11日の晴天がうそのように、またも猛烈な雨が山陰両県を襲った。家屋の浸水や損壊被害に見舞われた住民は「まだ続くのか」と途方に暮れた。5段階の警戒レベルで最も高い「緊急安全確保」が発令された雲南市では、一部集落で行き来が困難になり、事実上の孤立状態に陥るなど再び豪雨の猛威が牙をむいた。
雲南市三刀屋町古城の建設業伊東貞延さん(68)は、自宅裏山が崩れるのを警戒し、体育館に避難した。「雲南に住んでいて、これほどの被害は見たことがない。川の増水に崖崩れなど、これからどんな災害が起きるか心配だ」と不安を募らせた。
古城地区の尾崎上集落では一本道の市道が土砂崩れでふさがれ、4世帯が徒歩でも行き来の困難な状況になった。三刀屋小学校(三刀屋町給下)に通う息子2人を迎えに来た自営業古瀬志さん(33)は一本道を何とか通り抜け、片道約4キロの学校に着いたが、市道は再び崩落の危険性があり、12日は学校で一夜を明かすことにした。

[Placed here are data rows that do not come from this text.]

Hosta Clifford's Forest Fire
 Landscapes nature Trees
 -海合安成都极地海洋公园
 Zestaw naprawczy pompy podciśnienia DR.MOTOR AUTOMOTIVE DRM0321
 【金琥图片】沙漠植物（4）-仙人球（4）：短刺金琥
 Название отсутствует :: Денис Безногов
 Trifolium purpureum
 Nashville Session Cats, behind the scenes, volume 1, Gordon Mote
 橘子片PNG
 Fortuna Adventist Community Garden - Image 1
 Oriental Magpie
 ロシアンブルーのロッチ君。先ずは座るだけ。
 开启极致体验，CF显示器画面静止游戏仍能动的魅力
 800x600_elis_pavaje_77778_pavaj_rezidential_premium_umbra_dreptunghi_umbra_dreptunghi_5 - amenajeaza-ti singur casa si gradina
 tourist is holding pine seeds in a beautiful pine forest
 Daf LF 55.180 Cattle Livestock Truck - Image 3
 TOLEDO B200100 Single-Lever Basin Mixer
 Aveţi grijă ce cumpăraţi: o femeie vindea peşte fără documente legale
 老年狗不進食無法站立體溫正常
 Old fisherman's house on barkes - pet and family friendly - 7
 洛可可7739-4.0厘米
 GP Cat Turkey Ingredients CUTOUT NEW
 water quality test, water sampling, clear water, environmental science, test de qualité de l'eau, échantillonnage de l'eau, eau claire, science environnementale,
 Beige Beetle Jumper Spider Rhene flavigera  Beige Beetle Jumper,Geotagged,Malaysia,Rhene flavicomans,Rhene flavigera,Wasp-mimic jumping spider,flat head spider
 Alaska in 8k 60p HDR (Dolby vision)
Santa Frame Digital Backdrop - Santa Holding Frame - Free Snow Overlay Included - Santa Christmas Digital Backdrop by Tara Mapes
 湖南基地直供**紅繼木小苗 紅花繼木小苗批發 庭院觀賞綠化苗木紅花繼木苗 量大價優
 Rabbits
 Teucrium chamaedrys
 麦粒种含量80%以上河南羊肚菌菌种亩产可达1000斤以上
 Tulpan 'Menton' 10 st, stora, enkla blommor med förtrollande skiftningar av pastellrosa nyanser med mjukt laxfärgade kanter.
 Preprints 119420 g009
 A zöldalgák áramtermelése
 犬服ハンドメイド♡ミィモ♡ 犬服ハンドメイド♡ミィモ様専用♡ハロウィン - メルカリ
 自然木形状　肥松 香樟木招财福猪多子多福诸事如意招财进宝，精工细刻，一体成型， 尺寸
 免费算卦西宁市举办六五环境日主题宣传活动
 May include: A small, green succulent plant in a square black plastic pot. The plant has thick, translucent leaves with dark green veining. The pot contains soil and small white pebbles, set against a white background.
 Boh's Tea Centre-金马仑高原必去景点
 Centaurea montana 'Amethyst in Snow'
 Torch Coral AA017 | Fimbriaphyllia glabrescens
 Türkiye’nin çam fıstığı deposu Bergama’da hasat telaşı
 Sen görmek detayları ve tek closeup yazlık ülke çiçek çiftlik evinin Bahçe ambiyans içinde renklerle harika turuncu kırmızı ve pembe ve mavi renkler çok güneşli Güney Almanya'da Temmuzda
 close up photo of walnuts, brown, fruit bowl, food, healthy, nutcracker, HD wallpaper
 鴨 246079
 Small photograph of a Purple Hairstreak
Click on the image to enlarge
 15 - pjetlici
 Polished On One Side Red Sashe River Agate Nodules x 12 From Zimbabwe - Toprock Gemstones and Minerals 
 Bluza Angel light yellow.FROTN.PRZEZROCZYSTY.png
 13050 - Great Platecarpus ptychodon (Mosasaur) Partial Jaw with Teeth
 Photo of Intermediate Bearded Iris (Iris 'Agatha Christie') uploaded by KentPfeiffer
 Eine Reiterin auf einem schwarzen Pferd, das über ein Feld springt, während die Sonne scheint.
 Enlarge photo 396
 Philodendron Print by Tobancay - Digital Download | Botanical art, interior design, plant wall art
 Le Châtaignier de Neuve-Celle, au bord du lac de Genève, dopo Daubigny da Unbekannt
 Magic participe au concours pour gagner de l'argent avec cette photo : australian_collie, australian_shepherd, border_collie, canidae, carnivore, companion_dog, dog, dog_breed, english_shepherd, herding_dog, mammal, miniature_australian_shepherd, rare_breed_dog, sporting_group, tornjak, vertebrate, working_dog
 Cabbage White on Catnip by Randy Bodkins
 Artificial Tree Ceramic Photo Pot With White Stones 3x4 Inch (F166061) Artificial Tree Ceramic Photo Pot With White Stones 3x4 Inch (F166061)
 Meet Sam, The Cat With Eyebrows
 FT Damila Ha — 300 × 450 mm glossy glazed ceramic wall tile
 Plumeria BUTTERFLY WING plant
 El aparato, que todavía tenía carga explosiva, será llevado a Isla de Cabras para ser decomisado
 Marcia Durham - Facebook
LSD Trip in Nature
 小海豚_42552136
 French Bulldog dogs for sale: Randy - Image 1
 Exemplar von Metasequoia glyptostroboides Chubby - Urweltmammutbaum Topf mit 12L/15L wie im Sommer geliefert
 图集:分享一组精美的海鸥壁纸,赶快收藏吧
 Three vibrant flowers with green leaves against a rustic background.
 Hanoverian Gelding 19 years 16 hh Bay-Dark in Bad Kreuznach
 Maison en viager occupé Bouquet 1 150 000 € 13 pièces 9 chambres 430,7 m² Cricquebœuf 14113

集落周辺は民家の裏山や田畑の斜面があちこちで崩落。「ひとまず住民は皆無事だと聞いている。早く復旧できるといいが、被害は大きい」と気をもんだ。
警戒レベル4の「避難指示」が発令され、土砂崩れが相次いだ松江市美保関町内では、マリンスポーツのインストラクターをしている石井裕晃さん(52)=美保関町北浦=が肝を冷やした。
午前8時、土砂崩れで流れ落ちた木の幹1本が店舗1階の壁を突き破ったからだ。周辺は土砂崩れ警戒地域のため気を張っていたが、ここまでの被害は初めて。「先週の雨で危ないと思っていたが、今日もこんなに強いとは」と想定外の豪雨にため息を漏らした。